Saint Nath Í or Nathí (fl. 6th century?), also anglicised to Nathy, was an early Irish saint of the Dál Messin Corb, who was credited with the foundation of Cúl Fothirbe in Dál nAraide territory and with becoming its first bishop. He is not to be confused with Nath Í, bishop and founder of Sruthair Guaire (Shrule, County Carlow) and brother to co-founder Domoingen.
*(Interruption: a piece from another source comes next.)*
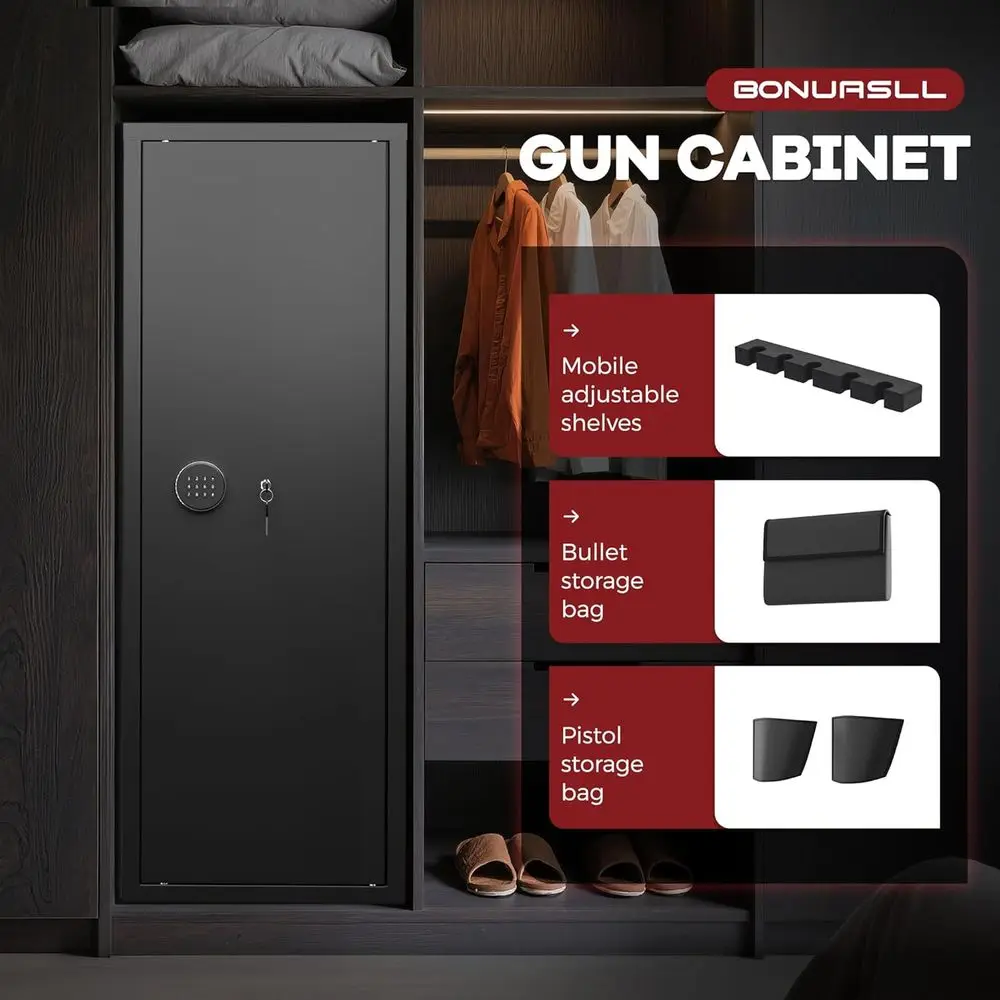 Fireproof Rifle and Pistol Safe with Digital Lock, Adjustable Shelves, and Handgun Pockets for Home Security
No separate hagiographical Life survives for the saint, but he appears in a number of medieval Irish sources, including the Martyrology of Tallaght, medieval Irish genealogies, and a list of bishops in the Book of Leinster.

==Background==
In the Irish genealogies, Nath Í is called a son of Senach son of Fergus Láebderc (in the Laud genealogies, a mac Fergusa) and made a member of the Dál Messin Corb of Leinster, the dynasty which also produced St Cóemgen of Glendalough. According to Ailbhe Mac Shamhráin, Nath Í may well have flourished in the first half of the 6th century, which would rule out the claim that he was a pupil of Máel Ruain at Tallaght.

==Bishop and founder==
In medieval Irish sources, Nath Í is usually identified as the saint who founded Cúl Fothirbe (Cúil Foithirbe), a place whose exact location has not been identified but which seems to have been in Dál nAraide territory (County Down). His entry in the Martyrology of Tallaght associates him with Cúil Sachaille and the saint mentioned below him with Fothirb, but this may be an error. Several sources attribute to him the office of bishop (epscop), notably a list of bishops preserved in the Book of Leinster.

Nath Í also appears to be associated with Tech Nath Í (lit. "The House of Nath Í"), which belonged to Glendalough and gave its name to the parish of Taney in the Dundrum area of south County Dublin. It has been argued that this was the site of Cúl Fothirbe, while the term tech may also be taken to indicate that relics of the saint were kept there.

The Martyrology of Tallaght and its later counterparts give his feast day as 1 August, presumably the day that he died.